Le jeu théâtral varie entre le bon et le moins bon, avec Tristan et Isolde qui se tiennent le plus souvent à bonne distance, voire à très bonne distance pendant le duo du II où ces deux protagonistes se tiennent à cour et à jardin. Lorsqu’ils se rapprochent, c’est pour s’entailler l’avant-bras tour à tour, avec un sentiment de déjà vu. On préfère le troisième acte d’un dépouillement extrême où, une fois Tristan allongé à terre, on croit à sa souffrance dans la longue attente avec Kurwenal. Une originalité est à signaler dans le traitement quasiment comique du personnage de Melot, scandalisé en fin de deuxième acte par le rapprochement des deux amants et qui fait deux allers et retours vers Marke, l’air outré. Puis quand Tristan se poignarde avec le couteau tenu par Melot, ce dernier fait plusieurs signes de dénégation pour indiquer à l’assistance qu’il n’y est pour rien.
Le plateau vocal est inégal, à commencer par le couple Tristan – Isolde. La première impression laissée par Gwyn Hughes Jones est plutôt bonne, on entend un ténor de format wagnérien, assez homogène sur son étendue et qui met du mordant sur plusieurs attaques. Mais les choses se gâtent rapidement, le timbre n’étant pas des plus séduisants et l’interprète rencontrant une baisse de régime au deuxième acte, montrant des signes de fatigue avec un commencement de graillonnement.

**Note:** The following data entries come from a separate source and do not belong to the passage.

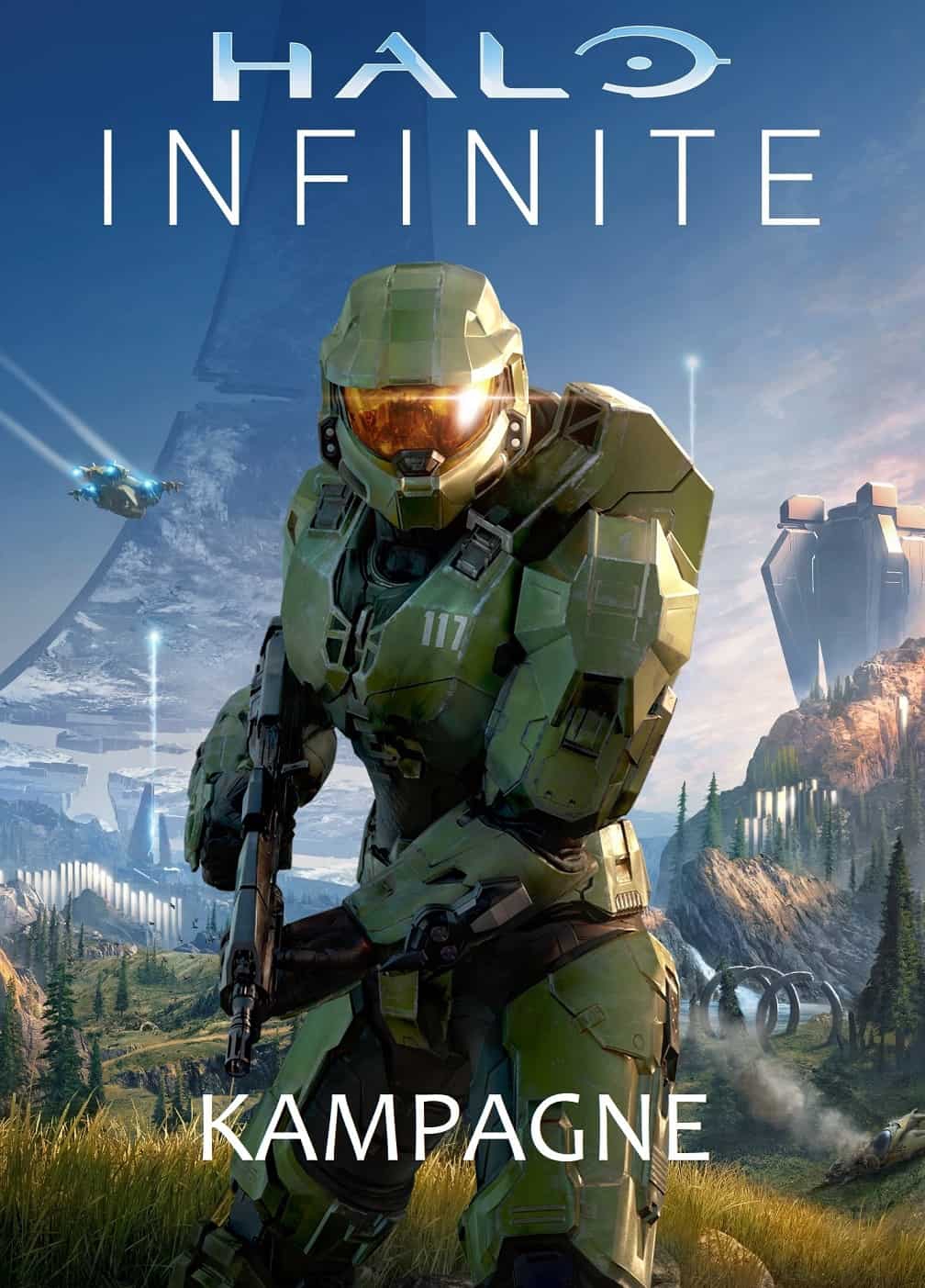 Cover Halo Infinite (Kampagne)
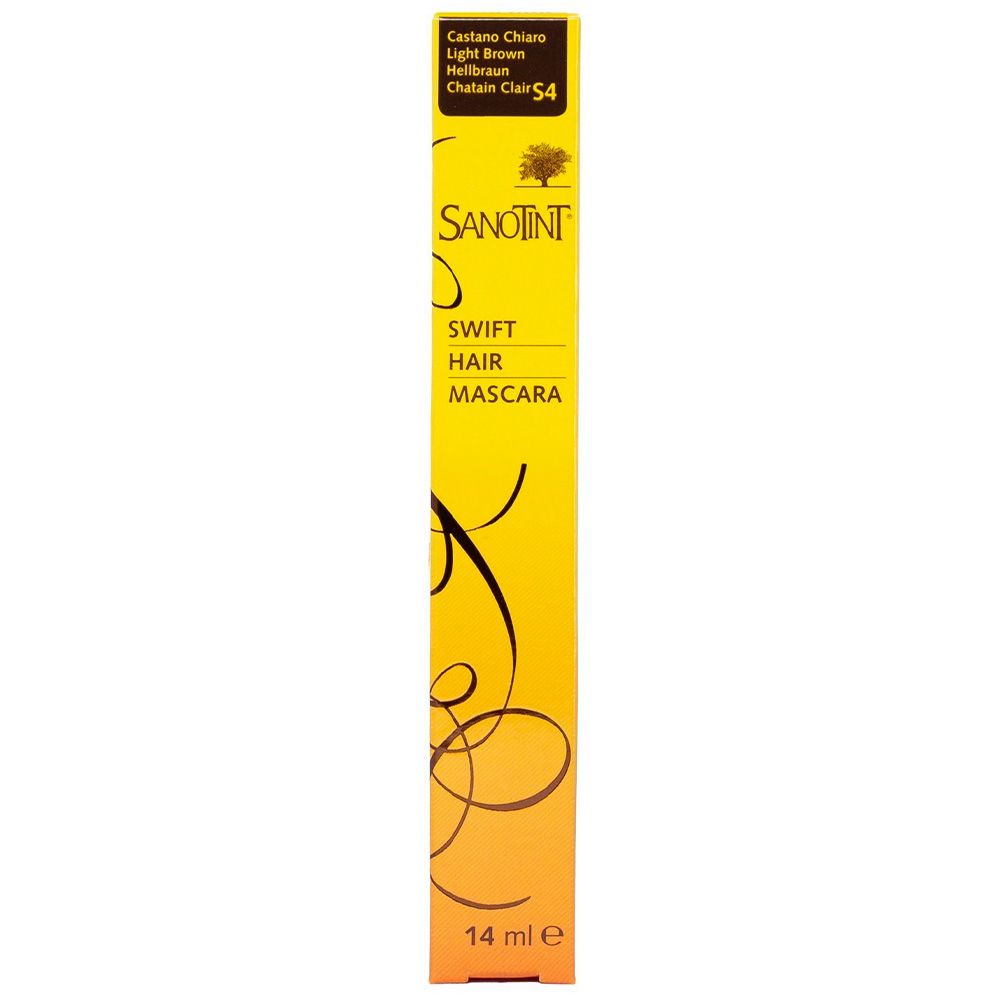 Sanotint - Swift Hair Mascara - Light Brown S4 - 14 ml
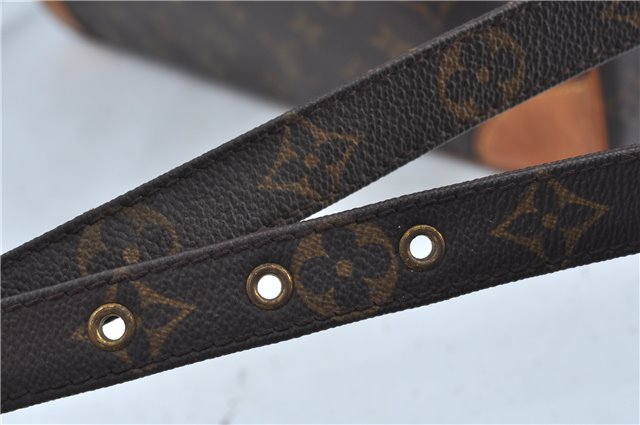 Authentic Louis Vuitton Monogram Nile 34 Shoulder Cross Body Bag M45242 LV J7792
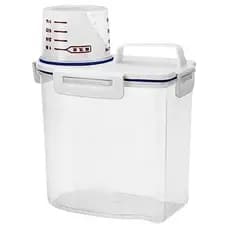 PORTA CONDIMENTOS HERMÉTICO MULTIUSO 1100ML COPO MEDIDOR BMAX BMF1322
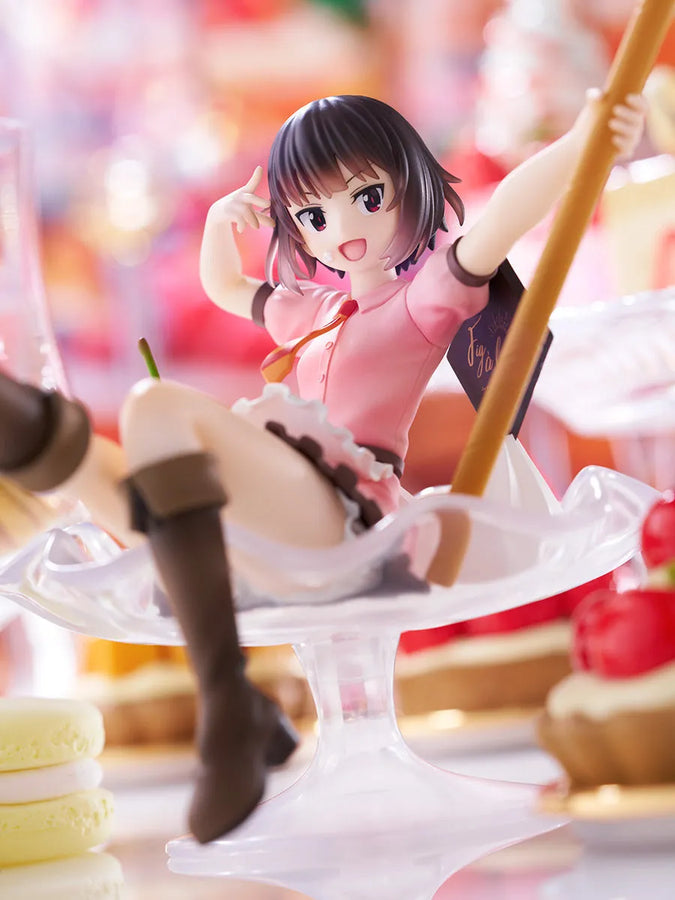 Kono Subarashii Sekai ni Bakuen o! - Megumin - Tenitol - Tenitol Fig à la mode (FuRyu)ㅤ – FuRyu – ActionFigureBrasil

C’est un peu le contraire qui se produit avec Elisabet Strid, dont le manque de grave nous contrarie d’emblée au premier acte. La discrétion du bas registre nous fait en effet manquer plusieurs bribes de texte dans son récit de la guérison de Tristan / Tantris, tandis que ses notes aiguës s’épanouissent bien davantage. Très engagée scéniquement avec un visage le plus souvent très expressif – par exemple elle remue avec violence le corps inanimé de Tristan au III –, son Isolde se bonifie au fur et à mesure, pour terminer sur un Liebestod prenant.
La Brangäne de Kristina Stanek n’appelle en revanche que des éloges, voix qui semble disposer d’une puissance naturelle et qui projette sans effort, dans une splendide qualité de timbre. Elle amène, toute tremblante, le philtre d’amour à sa maîtresse, laissant le liquide déborder généreusement du verre, puis au II lance ses Appels à partir du premier rang de l’amphithéâtre, emplissant la salle d’un son riche et enveloppant. Le Roi Marke de Tareq Nazmi impressionne également, basse qui dispose d’un confortable creux dans le grave et qui fait passer dans son chant, ainsi que dans ses attitudes sur scène, toute la gamme de sentiments qui oscillent entre désespoir et colère. En Kurwenal, Audun Iversen fait entendre un vigoureux baryton, solidement timbré, un personnage d’une belle humanité auprès de son ami Tristan en début de III. Dans les rôles plus secondaires, Julien Henric (Melot), Emanuel Tomljenović (Un matelot, un berger) et Vladimir Kazakov (Un timonier) complètent avantageusement.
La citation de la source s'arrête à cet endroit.